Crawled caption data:
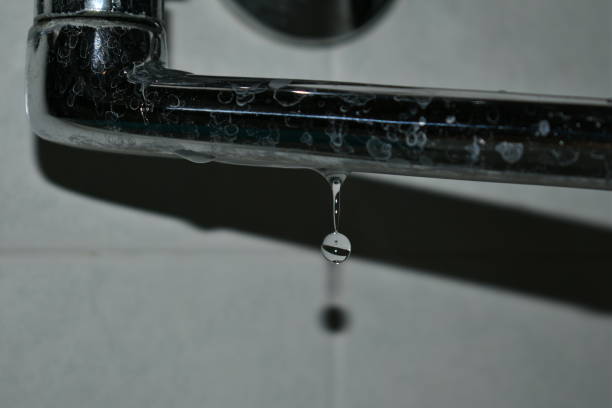 istock Drop of water falling from a tap 1145289750
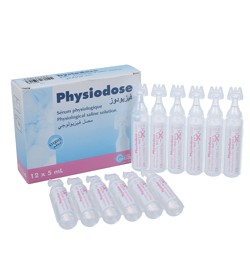 NƯỚC MUỐI SINH LÝ PHYSIODOSE (PHÁP) - HỘP 12C/5ML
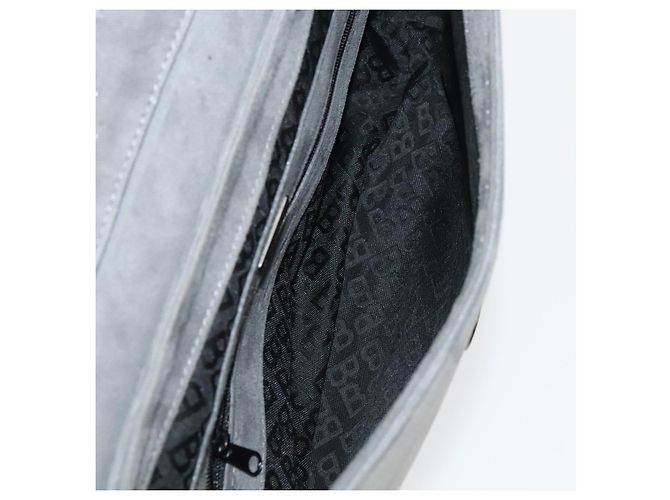 BALLY Bolso de Hombro de Cuero Nylon 5Set Negro Gris Marrón Auth ti2286 Castaño - vista 41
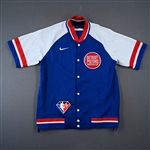Diallo, Hamidou<br>City Edition Jacket - Game-Issued (GI)<br>Detroit Pistons 2021-22<br>#6 Size: L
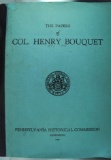 1940 book on frontier forts & trails in Pennsylvania titled 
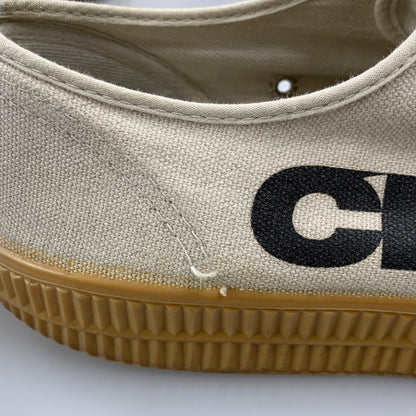 【現状渡し品】【メンズ/レディース】 COMME des GARCONS コムデギャルソン × NOVESTA ノヴェスタ N772014 LOW CUT SNEAKER ローカット スニーカー シューズ 靴 163-251124-ya-10-izu サイズ：40 カラー：アイボリー 万代Net店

TASK DIRECTIONS: Copy exactly, and only, the lines running from the one containing "BALLY Bolso de" through the final line of the data, and omit the pictures.

OUTPUT BELOW:
 BALLY Bolso de Hombro de Cuero Nylon 5Set Negro Gris Marrón Auth ti2286 Castaño - vista 41
Diallo, Hamidou<br>City Edition Jacket - Game-Issued (GI)<br>Detroit Pistons 2021-22<br>#6 Size: L
 1940 book on frontier forts & trails in Pennsylvania titled 
 【現状渡し品】【メンズ/レディース】 COMME des GARCONS コムデギャルソン × NOVESTA ノヴェスタ N772014 LOW CUT SNEAKER ローカット スニーカー シューズ 靴 163-251124-ya-10-izu サイズ：40 カラー：アイボリー 万代Net店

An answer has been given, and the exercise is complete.